The use and regulation of ketamine and psychedelics for medical purposes are also complex. The misuse of LSD in some pockets of mental health care in the 1960s has established a stigma about the potential for substance abuse. This perception has been difficult to correct even with evidence from trials showing the risks of abuse are very low, especially in carefully monitored environments. As a researcher these challenges create tension around involvement in this area; do I want my name or reputation associated with an area that may bring criticism and potentially be difficult to fund? This area can also easily be confused with the purported benefits of psychedelics in enhancing normal thinking and creativity. It’s the contemporary equivalent of 1960s psychologist Timothy Leary’s famous phrase “turn on, tune in, drop out”. The main purpose of research should focus on its treatment abilities, looking at its applications and whether it’s safe and effective. The history of medicine, including mental health, is replete with examples where treatments have been hastily greeted and trumpeted before careful evaluation has occurred with significant human cost, such as the historical use of insulin coma, malarial therapy in mental health or thalidomide in more recent medical care.
And while some harbour hopes that such long-established drugs will be free of the conflicts of interest often alleged of large traditional pharmaceutical companies, this is not automatically valid. All pharmacological health treatments are invented, produced and marketed by someone who is likely to have personal and financial interest in its widespread use.

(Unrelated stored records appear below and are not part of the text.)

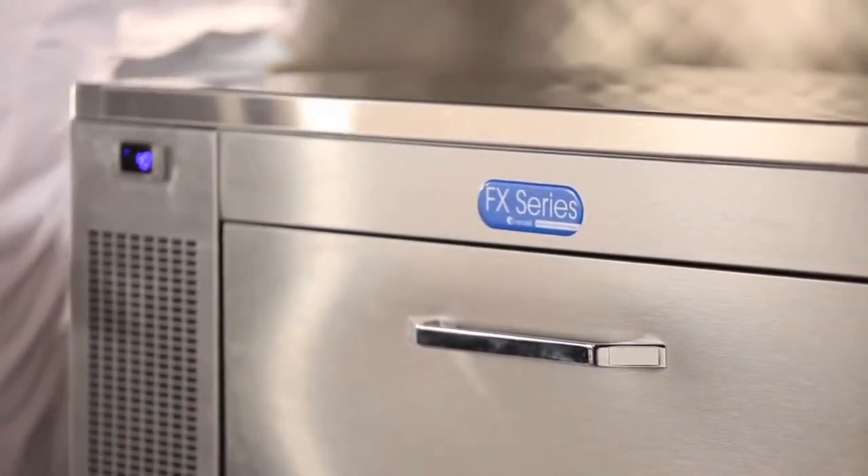Welcome to Unified Brands Test Kitchen. I'm Chef Steve D'Angelo and today we're going to be featuring the FX Precision Refrigeration with Adande Technology.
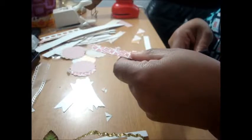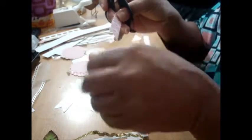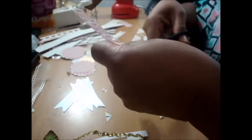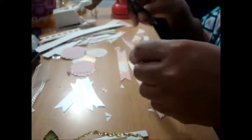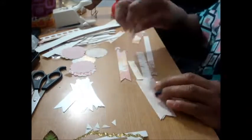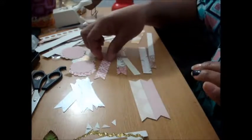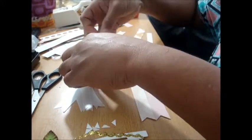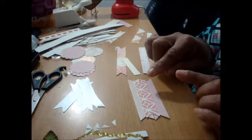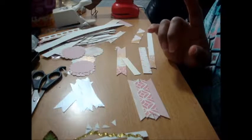My understanding from her video is that you should make your base out of the papers you're least impressed with in the collection — the papers you like the least should be the base. So for me it'll be these two sheets right here, and then the third one is another one I don't particularly care for. This is going to form the base of my embellishment.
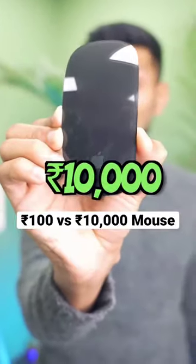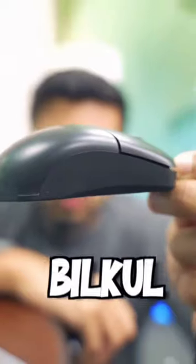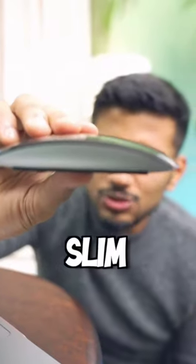This is a 10,000 Rs Apple Mouse, but this is a 4,000 Rs Normal Mouse. This is a very big one — it doesn't come out — and this is a very slim device. This is a fitting mouse.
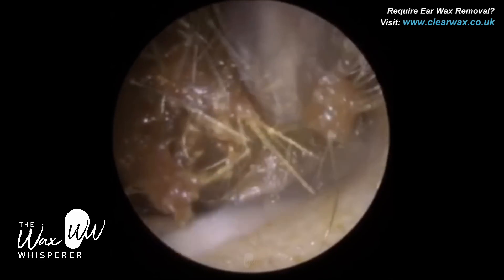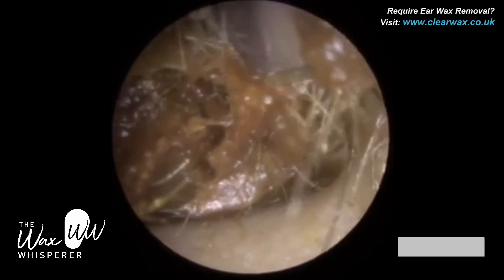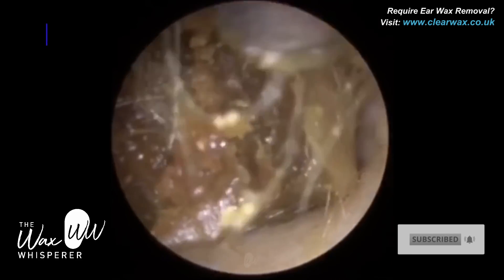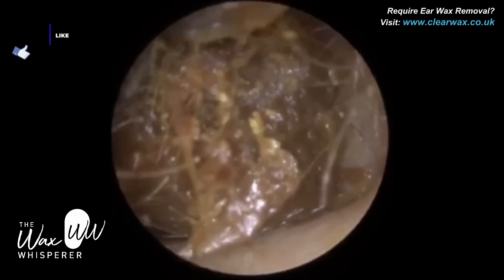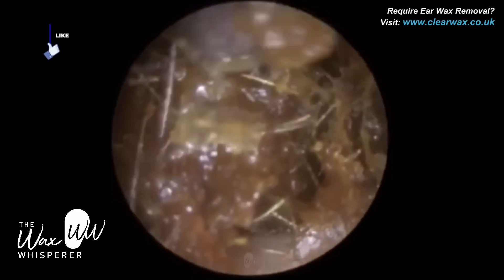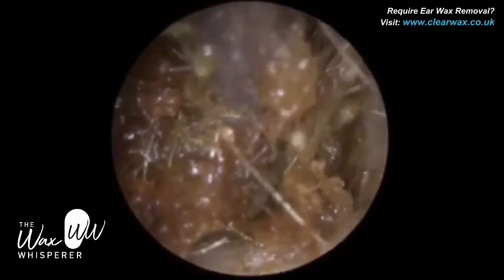The plug of wax is quite sticky, and there's a few matted hairs. We're at the entrance of the ear canal, and a good way of knowing that we're at the entrance is by these hair strands that are visible. So the outer third of the ear canal, the cartilaginous portion, is where the hair follicles are situated.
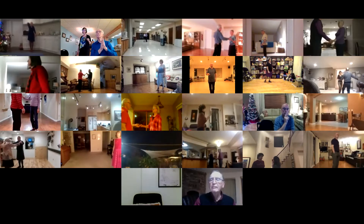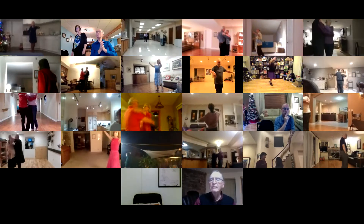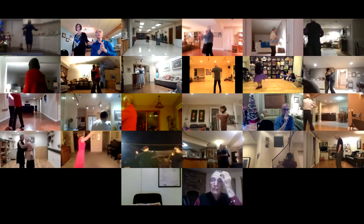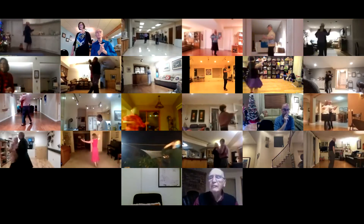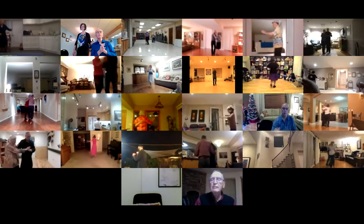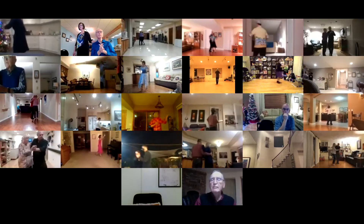Together, touch, shaping, feather finish, reverse turns, whisk, wing, open telemark, natural hover, fall away, slip, pivot, banjo, forward side.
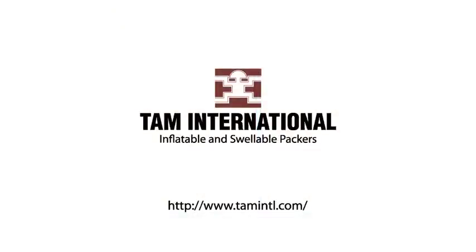To learn how the slick pack system can be a fast, reliable, and economical solution to your well application problems, please contact your local TAM representative.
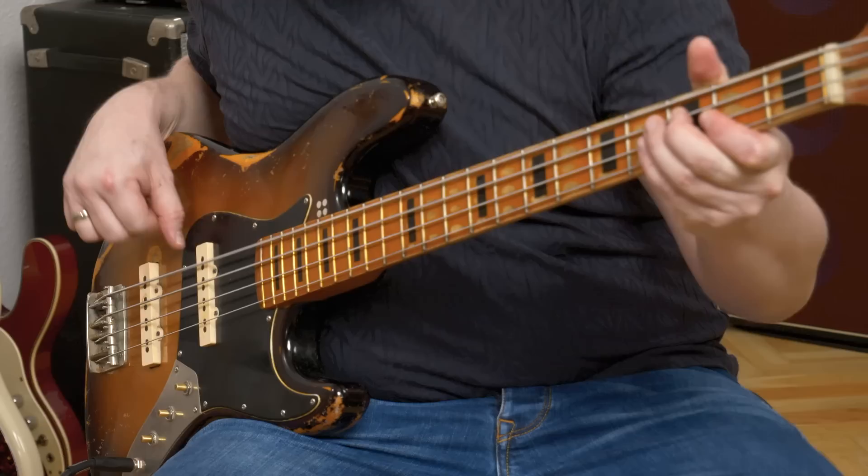On the left we have a DI out, a ground lift switch, and a black field — which is actually just an opening in the enclosure to improve Bluetooth connectivity. In a sense, this is literal dark glass. On the back we have two headphone outputs and the 9V power input.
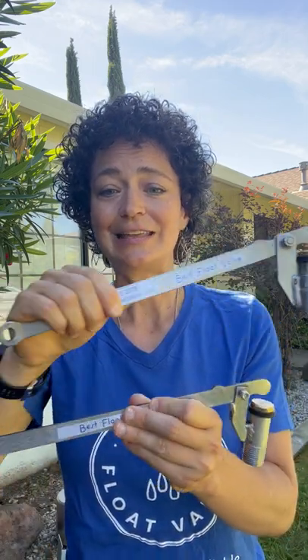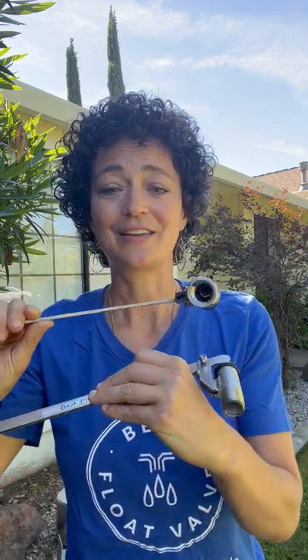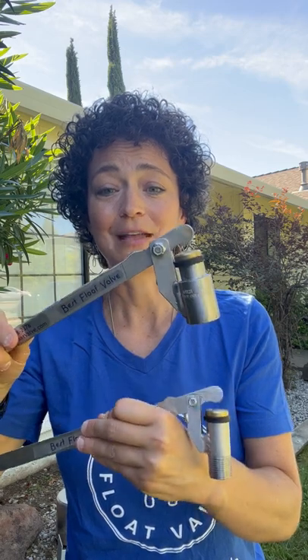Good afternoon. I wanted to take a minute to show you what was the answer to a customer's cry for a smaller valve. My manufacturers are brilliant and delivered this 12 inch lever attached to our half inch valve, so it comes in male or female.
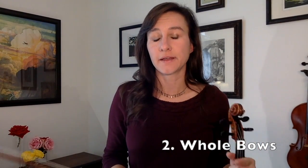Next, you're going to do two whole bows on every string. Go from the frog to the tip and back to the frog. They also offer a great opportunity to think about your breathing. Try to breathe out on the down bows and in on the up bows. Taking these long breaths will help you relax. Here's how it sounds.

Stigma in all its forms has long surrounded mental illness and its treatments. A great deal of evidence tells us that stigma leads to a risk of poor practice and further suffering. In this area, the stigma of both mental illness and research into illicit drugs threatens to impede research into whether or not these drugs have uses in the treatment of mental health. The emphasis is to place value on mental health research long given to other areas of health research, such as oncology. Research into new therapies for mental health needs to be funded in proportion to the disability that mental illness causes — whether or not they once party drugs. And only a good process will enable us to find the therapies we sorely need.